Curls of wood spilled from the door of his small workshop and blanketed the nearby ground like a coat of dry leaves. Inside the workshop, there’s no power — just a few neatly organized tools, handmade drying shelves and a well-worn shaving horse. Drawknife in hand, Rein settles in with his just-split wood, and after a few smooth pulls and deft turns, a chair leg forms.
“I’m working the wood while it’s still green, and going with the grain,” Rein said. “The way I work, it hardly even needs any sanding.”
Rein specializes in dining-room chairs and rocking chairs, along with woven baskets and bowls. Although he didn’t first see his craft as a possible career, Rein has been woodworking for years.
“How I got started might be a little to do with sibling rivalry,” Rein said.
Born in Vietnam, Rein lived in Indonesia with his family when he was young, and his parents hired a local man to teach his brother woodworking.
“I was always asking, ‘Daddy, when do I get to take lessons?’” Rein said. Back in the states, lessons were harder to come by, but Rein never forgot that he’d wanted to learn.
“It got set in my brain at 7 years old,” Rein said.
His woodworking skills are mostly self-taught, and Rein describes his methods as fairly uncomplicated. It’s all about finding the right tree and keeping the knives sharp.
Moving through the woods near his house, Rein stares up to the top of a tree, feeling around the trunk. He looks for different characteristics depending on what he intends to make.
“This one here is nice and round and tall, wonderful for making chairs,” Rein said. “I can tell it will split well, it’s centered, and inside, I can tell the grain is going to be straight.”
Rein uses as much of a tree as he can when he cuts it down. When an ice storm in 2009 knocked trees down near his house, he used those instead of cutting new ones. His motto is “Do no harm,” and Rein works to make sure he takes just enough from his land to live off of and makes sure he gets the most value he can out of each tree.
“Usually when I cut a tree now, it’s for a specific order. I know exactly when it needs to be ready and how much I need,” Rein said.
Rein does most of his business in chairs. His rocking chairs go for around $1,200 each, and dining-room chairs for around $350 each.
He’ll ship his items, begrudgingly, to buyers outside the state, but most people drive to his property to pick up their orders.
Rein at one time worked making custom furniture for a large company but grew disillusioned with the way his bosses ran their business, cheapening the work to churn out more product.
“It’s not a good cycle to be in,” Rein said.
Rein instead set his sights on a more traditional, sustainable way of life. During the recession in the late ’70s, Rein found himself unable to keep up with his $60-a-month portion of the rent in a New York house.
“I was sick and at home and decided I needed a plan B,” Rein said. “I thought, ‘Why don’t I go off into the woods and build a house?’”
So, with little training, he did — out of hemlock logs.
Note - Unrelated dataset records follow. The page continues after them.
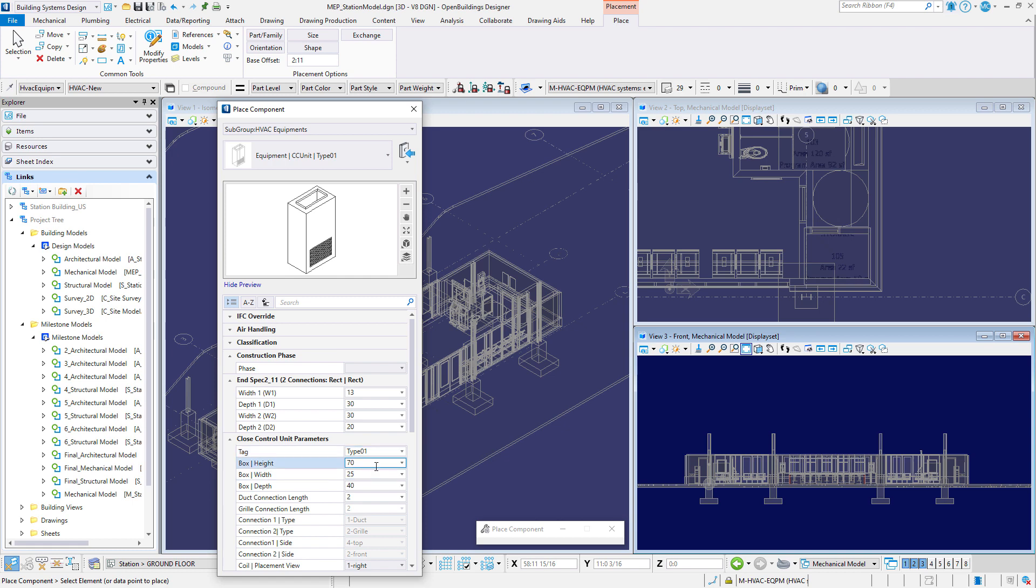However, if desired, you can change the coil placement view to 2 left and this will actually change the location of the coil. Note that the box height is 70 inches or 1750 millimeters.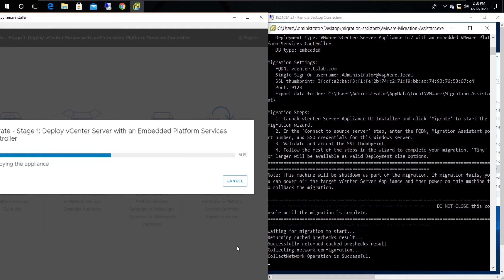Please note that the right-side interface contains an RDP session related to the Windows vCenter server.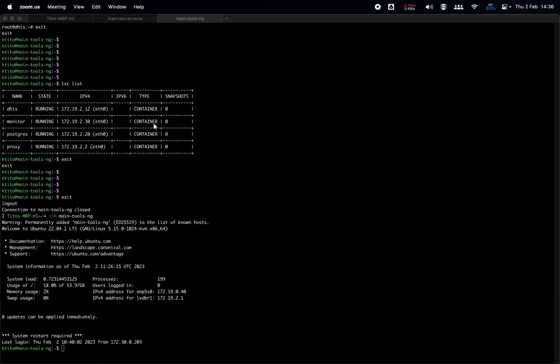My name is Tito, from the University of Oslo, based in Nairobi. Today we want to talk about things that people do after installation — when you have a fresh install of a DHIS2 instance, whether using tools or following a guide. I've prepared a few slides to walk us through, and after that we'll go through some demonstration problems.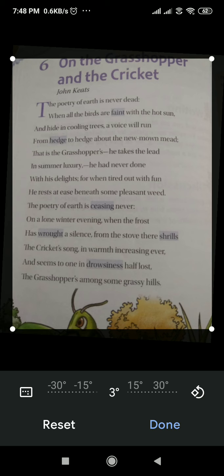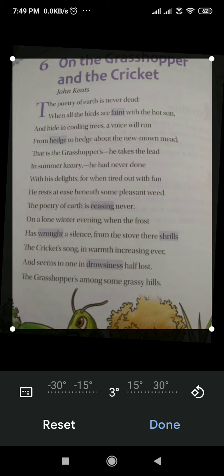First of all, he has described the hot summer. During the hot summer season, the earth is always singing. The birds stop singing in the hot summer — they seem to have fainted in the hot sun and hide themselves in the cooling trees. At that time, a grasshopper can be seen flying from hedge to hedge and singing delightfully. He sings tirelessly, and when tired, he rests beneath some weed to take shelter during the summer season.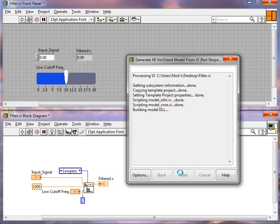And as soon as the compilation process is done, we'll have our model and we'll be able to import that into NI Veristand. So we're still building our model. It shouldn't take much longer now.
“It changed our whole lives,” Rein said. “It didn’t even have any running water, but we realized that even with the little money we had from odd jobs, we had enough.”
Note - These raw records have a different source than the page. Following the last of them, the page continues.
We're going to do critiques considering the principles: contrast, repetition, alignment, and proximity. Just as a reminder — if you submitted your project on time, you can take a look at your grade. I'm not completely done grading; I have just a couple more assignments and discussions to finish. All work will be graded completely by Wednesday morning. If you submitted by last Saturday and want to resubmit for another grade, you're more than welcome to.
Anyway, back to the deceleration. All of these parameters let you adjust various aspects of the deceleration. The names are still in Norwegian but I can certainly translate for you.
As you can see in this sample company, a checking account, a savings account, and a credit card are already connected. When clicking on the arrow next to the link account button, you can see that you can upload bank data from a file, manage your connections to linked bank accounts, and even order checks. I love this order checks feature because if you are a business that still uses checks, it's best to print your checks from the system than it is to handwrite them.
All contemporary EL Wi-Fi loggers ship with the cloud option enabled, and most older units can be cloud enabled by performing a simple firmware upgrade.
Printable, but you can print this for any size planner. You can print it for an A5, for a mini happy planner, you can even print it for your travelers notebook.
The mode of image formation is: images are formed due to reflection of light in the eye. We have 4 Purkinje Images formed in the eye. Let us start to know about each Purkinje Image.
Rein moved to Arkansas in 1980, and when he and his wife divorced, he purchased his land and took four months to build the three-bedroom log home he now lives in, complete with spring-fed water in the kitchen, solar panels on the roof and an outhouse down a short path.
“Building it myself, I learned a lot about what I liked and what I didn’t, what makes me happy,” Rein said.
A Netflix subscription makes the “like” list, though the Internet and cellphones do not.
Rein is the first to admit that he was never a good salesman, but after years in the business, his chairs sell themselves. Over the years, Rein has been commissioned to make rocking chairs for former U.S. Sen. David Pryor and former President Bill Clinton.
In 1994, Rein won the
Arkansas Arts Council Fellowship Award and has written numerous articles for woodworking magazines over the years. Repeat customers and friends of customers send in enough orders that Rein is nearly always working on a project.
“Everything I do in my work and life is real simple,” Rein said. “It’s a good place to be.”